◆ GOAL OF THE EXERCISE ◆
Each entry is to be retyped exactly as it appears, and each image is to be dropped.

Data items
◆ ◆ ◆ ◆ ◆

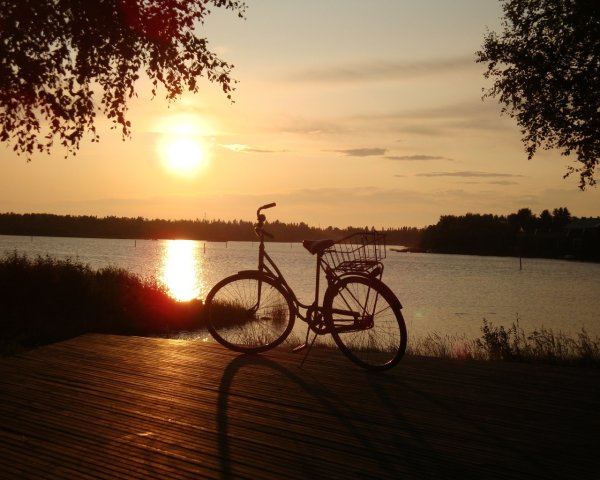 Велосипед на рассвете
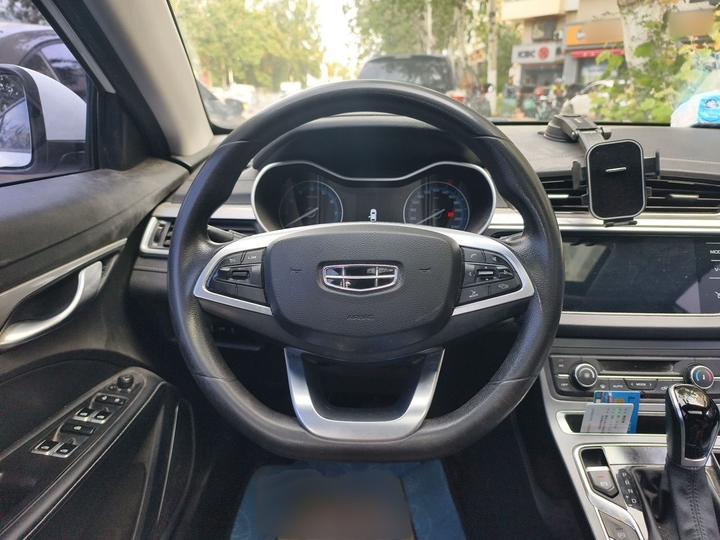 Emgrand 2020 1.5L CVT Luxury photo 3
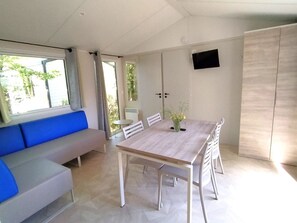Dining - Mobile home, pets allowed - 4 guests (Chaillé-les-Marais)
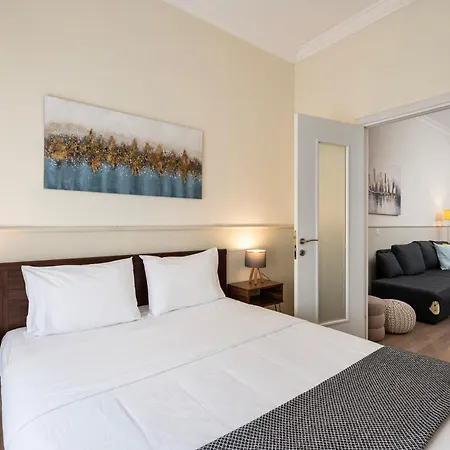 Houseloft Heritage Retreat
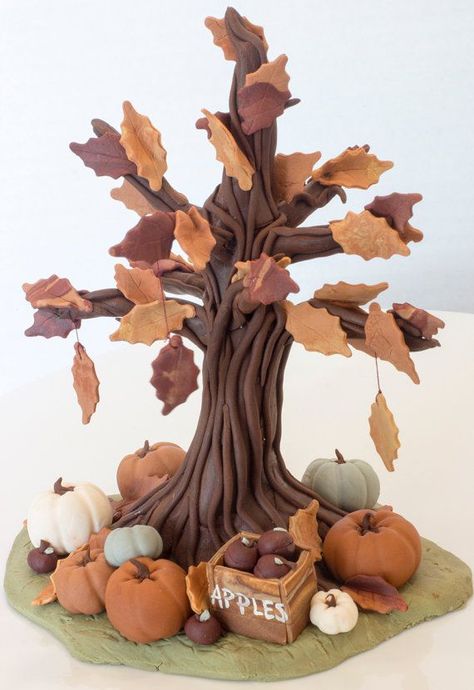 Fondant Tree, Diy Frosting, Fun Apartment, Tree Cake Topper, Chocolate Toppers, Fondant Cake Tutorial, Fondant Figurines, Apple Crate, Shoestring Budget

◆ ◆ ◆ ◆ ◆

◆ WRITTEN ANSWER ◆
 Велосипед на рассвете
 Emgrand 2020 1.5L CVT Luxury photo 3
Dining - Mobile home, pets allowed - 4 guests (Chaillé-les-Marais)
 Houseloft Heritage Retreat
 Fondant Tree, Diy Frosting, Fun Apartment, Tree Cake Topper, Chocolate Toppers, Fondant Cake Tutorial, Fondant Figurines, Apple Crate, Shoestring Budget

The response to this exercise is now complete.